Jeff Teague played with new teammate Jamal Crawford years ago in Atlanta and his brother Marquis once played with Taj Gibson, another new teammate, in Chicago.
Other than that, you would think Teague is fairly unfamiliar with the Timberwolves — a team the point guard only played twice a season in his first eight NBA seasons, right?
You’d be wrong.
Turns out the Wolves have been his team of choice whenever he plays NBA 2K, the simulation video game in which Teague now can be his own virtual self beside Karl-Anthony Towns and Andrew Wiggins.
“Seriously, that was my team in 2K because of Andrew and Karl,” Teague said. “And now it’s definitely going to be my team in 2K.”
Until Wiggins and Towns came along, Teague had the same opinion of Minnesota and the Wolves as anyone else.
“When we came here and played Minnesota, especially the first two years, all I can remember is that it was cold,” he said. “Then as the years got more and more and Andrew and Kat got here, I started looking at them like, ‘Man, that’s an explosive team. That’s a really good team.’ And I started playing 2K with them.”
The Wolves officially introduced Teague and Gibson as their newest players Monday while they also worked toward finalizing a two-year contract with three-time Sixth Man of the Year Jamal Crawford.
By adding three-time All-Star Jimmy Butler on draft night and signing Teague, Gibson and soon Crawford in free agency, the Wolves have addressed needs such as improved shooting and defense, and more veteran leadership.
They also have added four players who together have played 234 playoff games.
The other seven of the Wolves’ 11 players signed to guaranteed contracts so far have played a combined 11 playoff games, all of them by veteran center Cole Aldrich.
In a mere matter of days, the Wolves have grown older as well as much more experienced and playoff-proven.
“I think it’s a big part,” said Tom Thibodeau, the Wolves coach and president of basketball operations who coached Butler and Gibson in Chicago and against Teague when both were in the Eastern Conference. “It’s more all the steps that you take along the way.

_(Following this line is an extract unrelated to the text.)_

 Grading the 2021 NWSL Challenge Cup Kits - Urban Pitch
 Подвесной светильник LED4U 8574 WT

It’s the winning. When you look at Jeff’s career, two years ago [the Hawks] had the best record in the league. He has been in the conference finals, they’ve advanced past the first round several times [four times]. Taj, the same thing.
“I think that’s important. These guys, I don’t think you can measure them by their individual statistics. You measure them by what they do for their team. And they both prioritize winning. They both put the team first and that’s what we’re looking for.”

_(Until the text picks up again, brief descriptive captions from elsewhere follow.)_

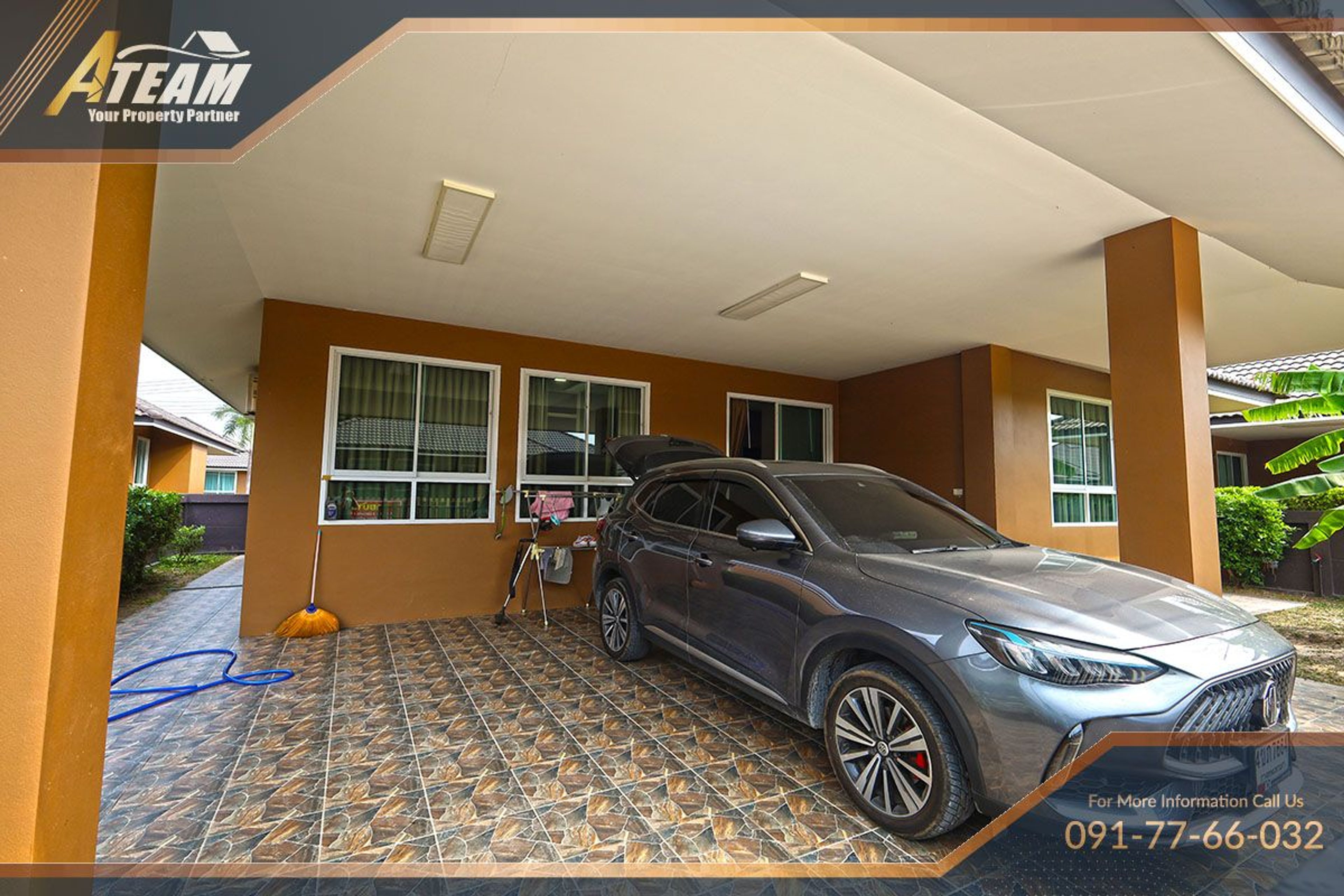 House for rent 3 Bed in Baan Rak - Wang Pong thumbnail 29
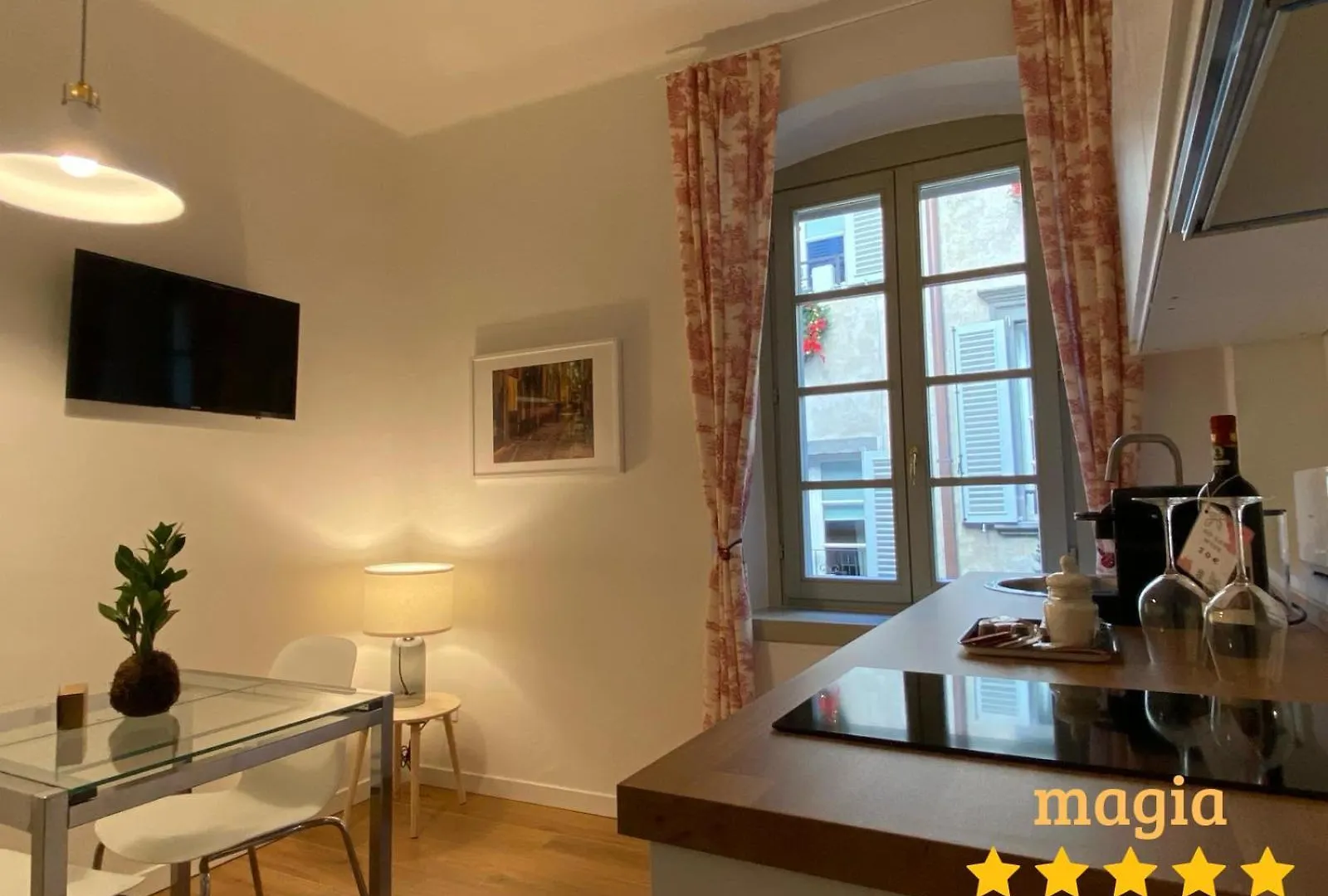 Wish Rooms Charme&Relax Bergamo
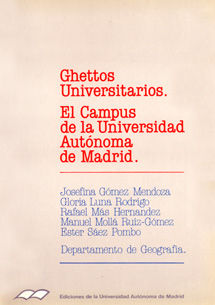 GHETOS UNIVERSITARIOS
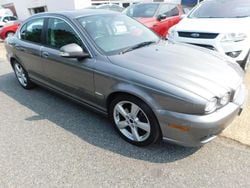 Grey Used 2008 Jaguar X-type SE Sedan | £2,995 (Fair price)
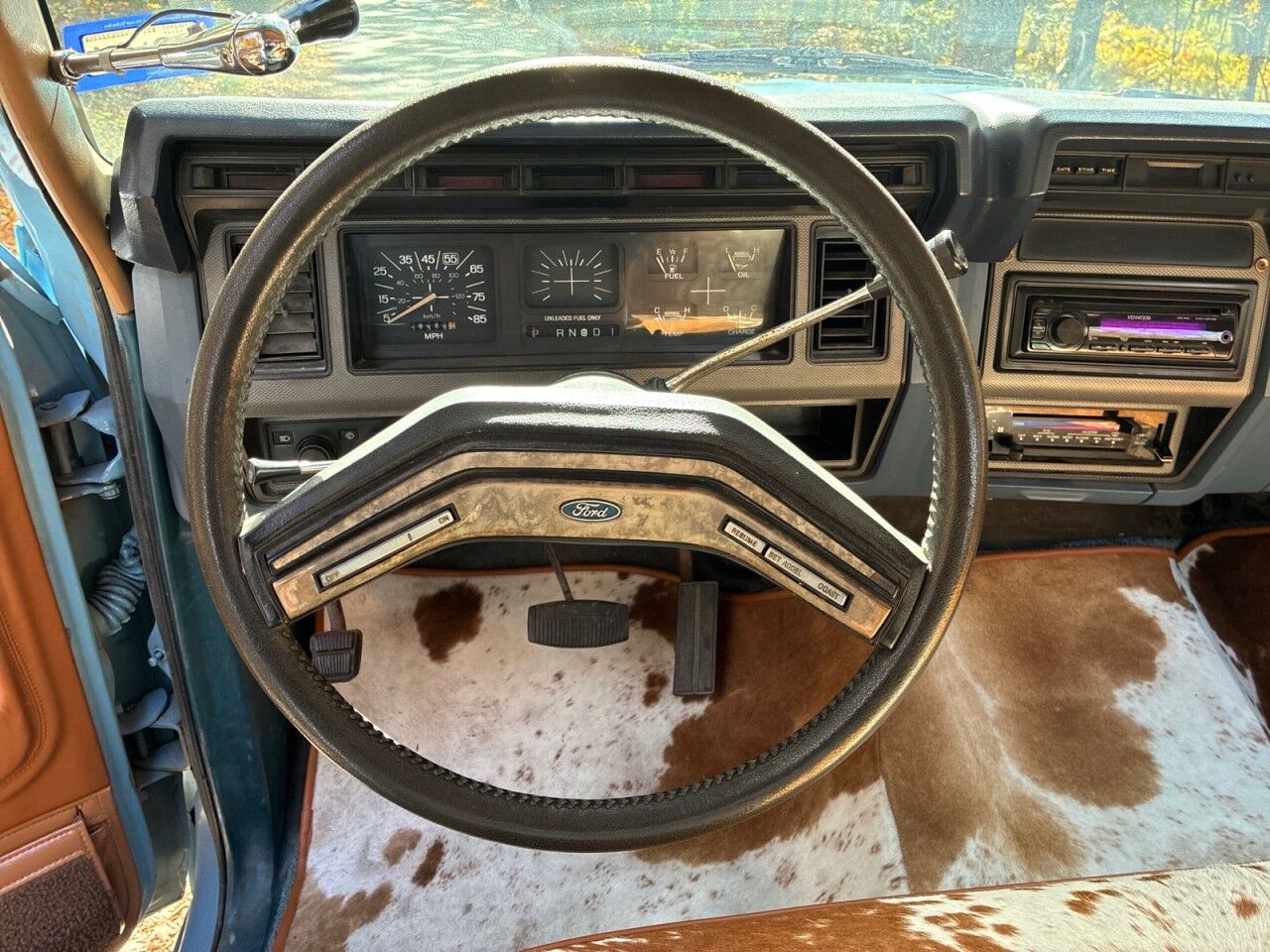 1985 Ford Pickup Charlton MA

Both Teague and Gibson have played in Eastern Conference finals series and both have made the playoffs for different teams: Teague with Atlanta and Indiana, Gibson with Chicago and Oklahoma City.
“When you play in April, May and June, those guys who play in those months have a lot of character,” Wolves General Manager Scott Layden said. “There’s a toughness that goes into getting to that moment. … I think that will help our other guys understand what it takes to get to those places.”

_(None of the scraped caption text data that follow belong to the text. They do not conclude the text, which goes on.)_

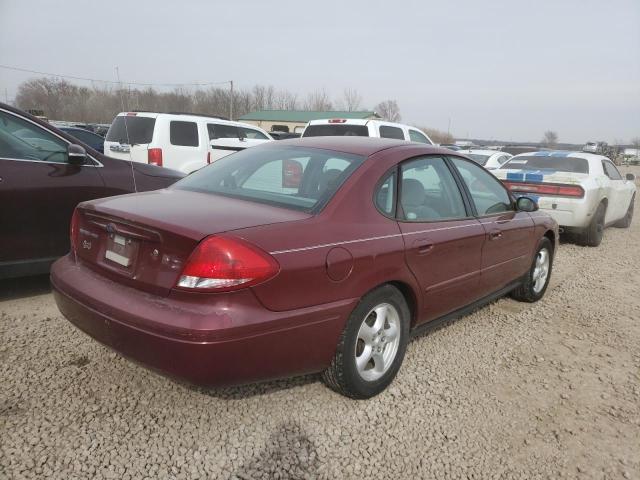 Photo 3 from auction – 2004 FORD TAURUS SES with VIN 1FAFP55U04A116416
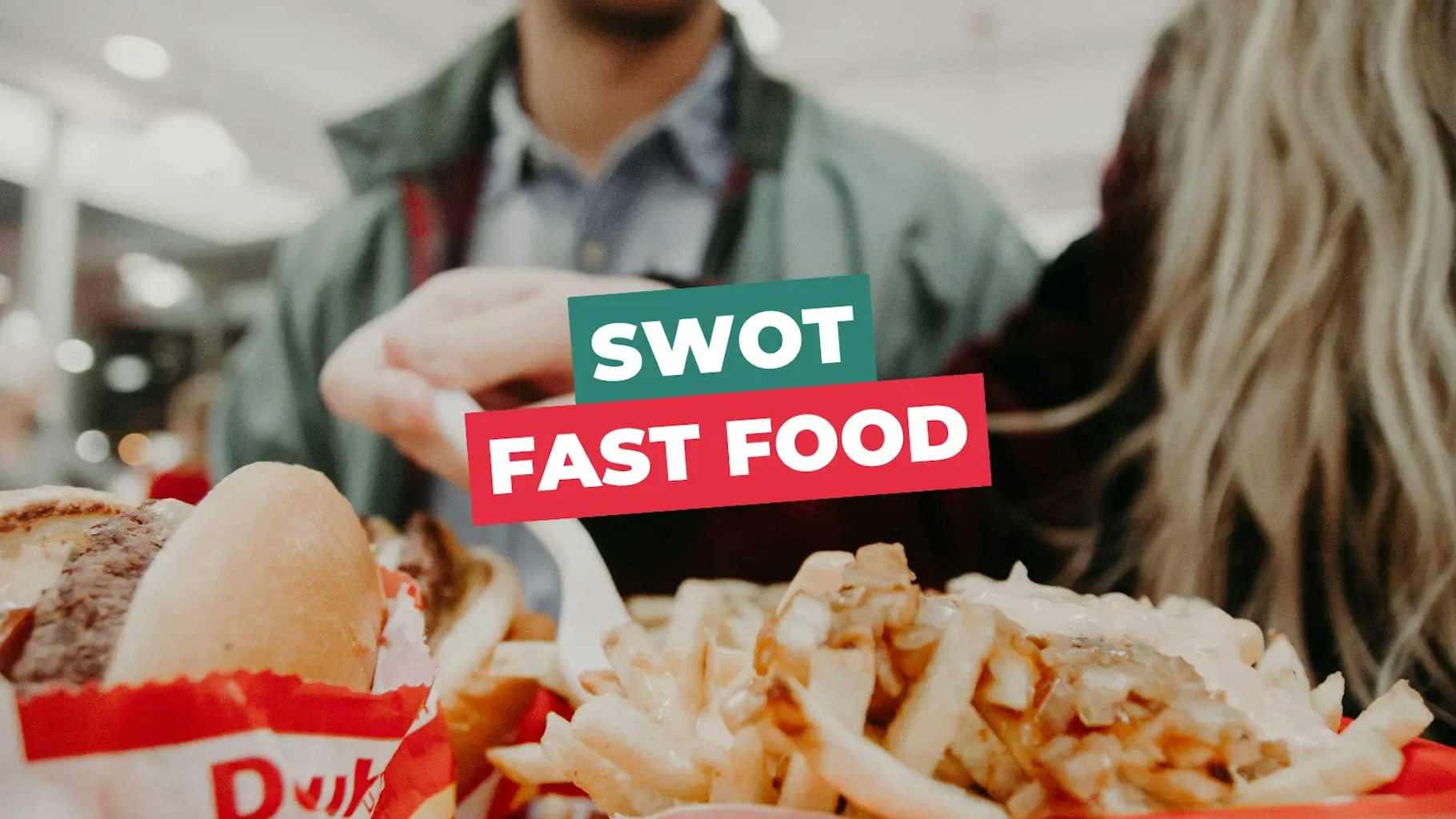 Swot fast food Swot fast food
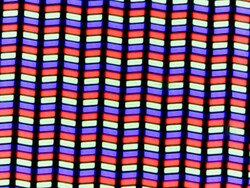 Sub-pixel Array
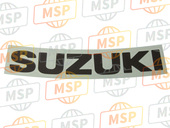 6818505C1020G, Emblema, Suzuki, 1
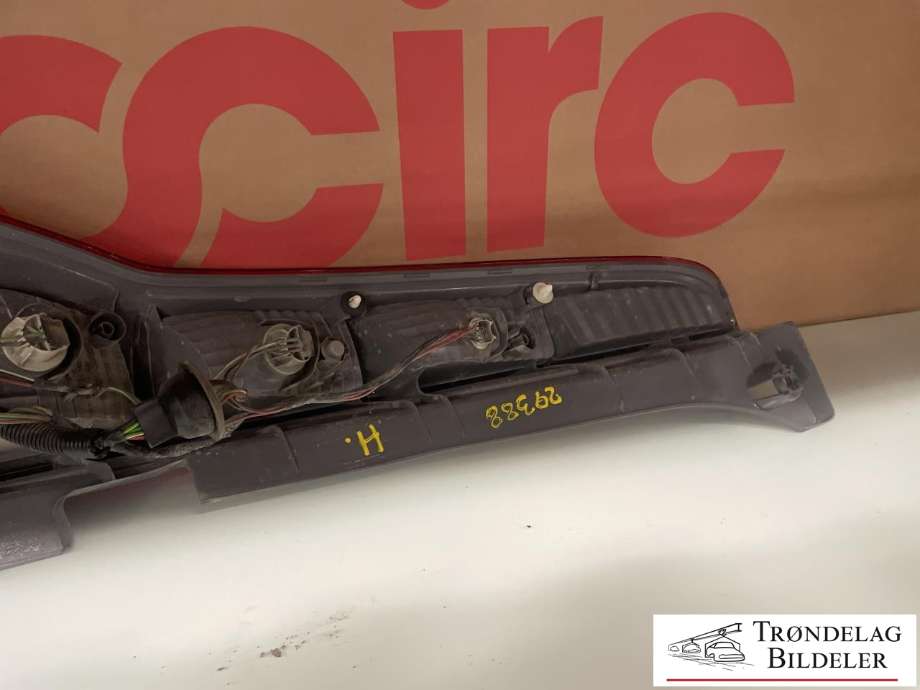 Baklykt høyre til Honda CR-V 2007-2012 (Type III)  (33501SWWG01|)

Thibodeau expects all four additions will bring a winning mentality to a team that hasn’t made the playoffs since 2004.
“You get that from winning games and being unselfish and being lucky enough to play for some great organizations that understood winning,” Gibson said. “Coming here with a coach that understands winning for a franchise that wants to win, for a great fan base that sells out the arena even when games aren’t going good, I think it’s something special here.”
So, too, does Teague, who said he told his agent the night the Wolves traded for Butler that he wanted to play in Minnesota, even with a coach as demanding and relentless as Thibodeau.
“I’ve had an opportunity to play against Thibs and see how hard he coaches his guys and how well-coached his teams were,” Teague said. “It was a perfect fit for me and at this stage of my career, I wanted to win and I wanted to do it in a special way. I think it will be more special to bring some playoff atmosphere back here.”
• Orlando waived point guard C.J. Watson, giving the Wolves one more option for one of the three spots Thibodeau intends to fill. Watson, 32, played for Chicago during Thibodeau’s first two seasons there (2010-12).